BEGIN DATASET CONTENT
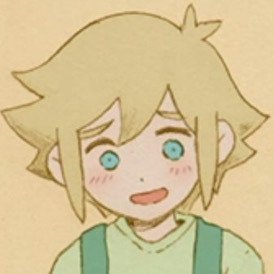 Download OMORI Blonde Basil (Omori) Video Game PFP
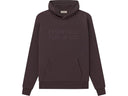 FEAR OF GOD ESSENTIALS HOODIE PLUM - Unmatched Kicks - ESSENTIALS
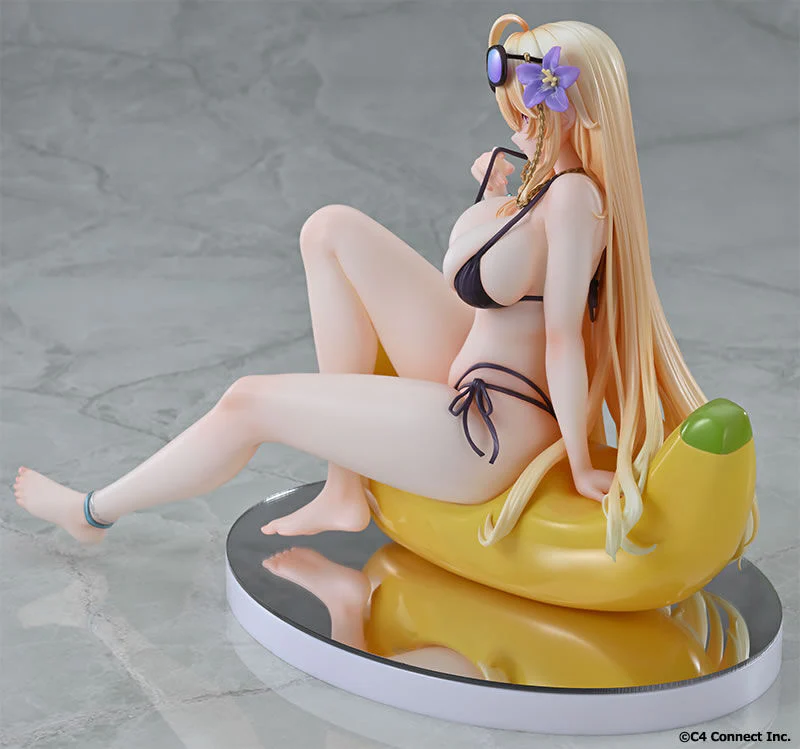 Houchi Shoujo ~Hyakka Ryouran no Moehime-tachi - Kaku - 1/7 - Summer Beach (Kaitendoh) - Image 4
END DATASET CONTENT
HOW TO COMPLETE THIS TASK -
The expected output is the full data above, reproduced exactly with no images.

ANSWER SPACE -
 Download OMORI Blonde Basil (Omori) Video Game PFP
 FEAR OF GOD ESSENTIALS HOODIE PLUM - Unmatched Kicks - ESSENTIALS
 Houchi Shoujo ~Hyakka Ryouran no Moehime-tachi - Kaku - 1/7 - Summer Beach (Kaitendoh) - Image 4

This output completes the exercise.